En el amplio muestrario de implicados en casos de corrupción de que dispone el PP valenciano, hay dos figuras que, por su simetría con la estrella del desfile, que no es otro que el presidente de la Generalitat, y por la idiosincrasia que expresa su comportamiento, destacan entre las demás. Uno al norte, el otro al sur, Carlos Fabra y José Joaquín Ripoll escoltan a Francisco Camps en una terna perfecta de lo corrupto, ejemplo redondo y cabal de cómo no se debe actuar en la vida pública. Pero ambos exhiben un desenfado del que no ha sido capaz el jefe del Consell, siempre tenso y receloso, al manejar su condición de imputados. Hay que reconocerle a Fabra su irrupción pionera en la construcción de ese emblema de la delincuencia política en que se ha convertido el poder valenciano. Hubo un tiempo en que el presidente de la Diputación de Castellón dio nombre, él solo, a la incipiente corrupción política. Y eso le da galones, aunque solo sea por la veteranía. Después vinieron Gürtel, Brugal, Emarsa... A Ripoll, por su parte, aunque más novato en los juzgados, no se le debe escatimar lo expansivo del enredo de favores, prebendas, regalos y malversaciones en que lo ha situado la investigación policial.

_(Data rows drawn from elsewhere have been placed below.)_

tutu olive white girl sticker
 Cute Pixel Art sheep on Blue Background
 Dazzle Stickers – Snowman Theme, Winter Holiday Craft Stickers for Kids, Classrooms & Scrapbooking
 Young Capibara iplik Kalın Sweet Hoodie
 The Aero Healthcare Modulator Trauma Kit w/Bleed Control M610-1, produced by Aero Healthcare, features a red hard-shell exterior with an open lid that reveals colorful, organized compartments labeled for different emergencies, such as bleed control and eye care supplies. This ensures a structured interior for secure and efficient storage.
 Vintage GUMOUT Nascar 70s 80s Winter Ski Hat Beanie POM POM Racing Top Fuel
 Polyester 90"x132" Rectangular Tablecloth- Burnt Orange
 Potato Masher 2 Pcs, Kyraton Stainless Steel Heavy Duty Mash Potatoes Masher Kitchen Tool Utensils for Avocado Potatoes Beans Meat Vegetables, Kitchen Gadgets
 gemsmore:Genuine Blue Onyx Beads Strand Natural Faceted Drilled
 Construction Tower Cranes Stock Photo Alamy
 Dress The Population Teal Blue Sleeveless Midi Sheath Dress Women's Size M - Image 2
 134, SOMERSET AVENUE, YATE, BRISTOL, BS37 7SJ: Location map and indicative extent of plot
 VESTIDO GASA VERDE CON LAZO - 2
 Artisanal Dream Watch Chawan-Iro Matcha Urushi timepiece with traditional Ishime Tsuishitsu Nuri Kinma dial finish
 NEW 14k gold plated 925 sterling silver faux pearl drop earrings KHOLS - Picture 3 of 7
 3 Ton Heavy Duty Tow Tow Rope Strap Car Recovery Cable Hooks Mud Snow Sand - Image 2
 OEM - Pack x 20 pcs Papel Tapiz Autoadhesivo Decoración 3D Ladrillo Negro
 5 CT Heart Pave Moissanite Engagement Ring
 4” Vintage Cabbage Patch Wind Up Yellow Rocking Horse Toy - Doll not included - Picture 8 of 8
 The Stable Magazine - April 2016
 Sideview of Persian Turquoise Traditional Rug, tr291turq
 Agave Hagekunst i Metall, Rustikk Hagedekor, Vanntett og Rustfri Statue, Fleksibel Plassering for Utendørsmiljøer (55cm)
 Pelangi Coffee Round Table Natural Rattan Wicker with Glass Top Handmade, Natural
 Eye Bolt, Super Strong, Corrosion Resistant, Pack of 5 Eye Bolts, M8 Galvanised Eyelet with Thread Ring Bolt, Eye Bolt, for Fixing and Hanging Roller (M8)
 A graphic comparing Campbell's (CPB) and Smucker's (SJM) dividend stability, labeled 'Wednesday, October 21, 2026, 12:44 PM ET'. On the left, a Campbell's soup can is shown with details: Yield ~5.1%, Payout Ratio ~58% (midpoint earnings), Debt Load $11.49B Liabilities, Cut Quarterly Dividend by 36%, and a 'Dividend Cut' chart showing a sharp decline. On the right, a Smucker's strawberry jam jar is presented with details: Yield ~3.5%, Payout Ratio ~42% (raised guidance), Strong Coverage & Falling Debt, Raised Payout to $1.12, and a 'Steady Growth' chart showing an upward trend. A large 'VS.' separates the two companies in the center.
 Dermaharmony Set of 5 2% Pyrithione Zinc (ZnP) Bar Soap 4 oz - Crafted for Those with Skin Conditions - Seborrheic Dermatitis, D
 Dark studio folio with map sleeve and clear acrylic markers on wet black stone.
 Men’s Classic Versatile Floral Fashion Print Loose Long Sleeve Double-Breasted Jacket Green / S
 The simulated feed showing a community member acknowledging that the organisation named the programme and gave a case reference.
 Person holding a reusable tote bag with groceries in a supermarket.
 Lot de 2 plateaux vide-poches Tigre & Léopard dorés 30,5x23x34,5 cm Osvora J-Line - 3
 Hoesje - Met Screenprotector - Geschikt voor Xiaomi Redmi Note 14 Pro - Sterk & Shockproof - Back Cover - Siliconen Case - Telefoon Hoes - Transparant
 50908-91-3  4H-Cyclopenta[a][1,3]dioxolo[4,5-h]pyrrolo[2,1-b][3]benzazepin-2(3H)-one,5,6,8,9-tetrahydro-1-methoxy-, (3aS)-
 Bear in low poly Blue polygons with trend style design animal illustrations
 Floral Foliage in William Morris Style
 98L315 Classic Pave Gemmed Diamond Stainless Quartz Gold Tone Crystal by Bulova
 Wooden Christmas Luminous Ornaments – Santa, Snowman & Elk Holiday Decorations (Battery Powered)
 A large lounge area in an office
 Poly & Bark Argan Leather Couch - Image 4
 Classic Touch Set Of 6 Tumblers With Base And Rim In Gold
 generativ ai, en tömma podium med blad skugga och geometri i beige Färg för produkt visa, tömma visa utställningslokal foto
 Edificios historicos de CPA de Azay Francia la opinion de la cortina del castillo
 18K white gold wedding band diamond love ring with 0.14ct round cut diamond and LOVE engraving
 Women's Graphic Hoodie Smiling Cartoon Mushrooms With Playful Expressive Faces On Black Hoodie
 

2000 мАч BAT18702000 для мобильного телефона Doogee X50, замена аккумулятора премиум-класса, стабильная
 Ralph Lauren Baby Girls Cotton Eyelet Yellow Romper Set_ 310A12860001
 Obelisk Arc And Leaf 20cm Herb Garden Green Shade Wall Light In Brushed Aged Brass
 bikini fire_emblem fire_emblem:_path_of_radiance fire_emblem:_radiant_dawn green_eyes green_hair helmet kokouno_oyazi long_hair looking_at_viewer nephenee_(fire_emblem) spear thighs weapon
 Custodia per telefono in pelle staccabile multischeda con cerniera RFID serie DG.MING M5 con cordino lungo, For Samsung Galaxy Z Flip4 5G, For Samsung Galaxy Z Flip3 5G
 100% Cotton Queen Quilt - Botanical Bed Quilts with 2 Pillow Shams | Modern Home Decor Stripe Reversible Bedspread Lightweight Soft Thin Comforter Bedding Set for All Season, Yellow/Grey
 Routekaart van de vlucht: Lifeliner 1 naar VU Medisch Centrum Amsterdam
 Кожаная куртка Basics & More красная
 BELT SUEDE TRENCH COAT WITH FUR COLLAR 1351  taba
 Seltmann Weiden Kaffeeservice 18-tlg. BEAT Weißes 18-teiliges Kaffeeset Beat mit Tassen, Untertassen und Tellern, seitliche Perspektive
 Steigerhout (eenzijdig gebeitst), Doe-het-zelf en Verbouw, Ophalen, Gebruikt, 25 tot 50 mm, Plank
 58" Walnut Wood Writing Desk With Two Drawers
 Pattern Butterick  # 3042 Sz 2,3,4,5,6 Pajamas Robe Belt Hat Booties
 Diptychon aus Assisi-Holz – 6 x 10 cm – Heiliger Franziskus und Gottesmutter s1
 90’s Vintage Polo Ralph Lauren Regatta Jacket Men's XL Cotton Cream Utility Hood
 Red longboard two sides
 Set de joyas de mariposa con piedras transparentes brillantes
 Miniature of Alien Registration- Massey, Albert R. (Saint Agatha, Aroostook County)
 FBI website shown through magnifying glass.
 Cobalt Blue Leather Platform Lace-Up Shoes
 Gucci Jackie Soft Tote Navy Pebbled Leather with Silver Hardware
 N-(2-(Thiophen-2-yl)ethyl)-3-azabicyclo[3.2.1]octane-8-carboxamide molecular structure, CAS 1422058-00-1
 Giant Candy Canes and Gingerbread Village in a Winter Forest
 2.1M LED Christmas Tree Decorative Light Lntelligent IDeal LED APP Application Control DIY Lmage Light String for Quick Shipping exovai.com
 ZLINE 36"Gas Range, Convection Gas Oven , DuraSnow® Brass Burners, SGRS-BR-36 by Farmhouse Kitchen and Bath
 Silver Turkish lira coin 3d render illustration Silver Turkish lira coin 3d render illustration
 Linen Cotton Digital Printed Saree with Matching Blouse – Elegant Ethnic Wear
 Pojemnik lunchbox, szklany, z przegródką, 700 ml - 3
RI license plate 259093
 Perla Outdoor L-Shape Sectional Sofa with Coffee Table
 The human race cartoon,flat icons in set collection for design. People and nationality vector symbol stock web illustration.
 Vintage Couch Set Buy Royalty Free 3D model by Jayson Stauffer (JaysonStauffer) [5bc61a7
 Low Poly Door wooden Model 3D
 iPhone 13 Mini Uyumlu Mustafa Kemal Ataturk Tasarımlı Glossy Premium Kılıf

Tras la declaración, el próximo lunes, de Luna ante el TSJ se verá cuál es el recorrido de la querella de los populares, basada en un relato de hechos que parece cogido por los pelos. Lo que no hay que pasar por alto es que, en el alborotado gallinero de la corrupción, los dos gallos provinciales, ¡vaya pareja!, han salido a advertir que todo aquel que denuncie la corrupción se atenga a las consecuencias.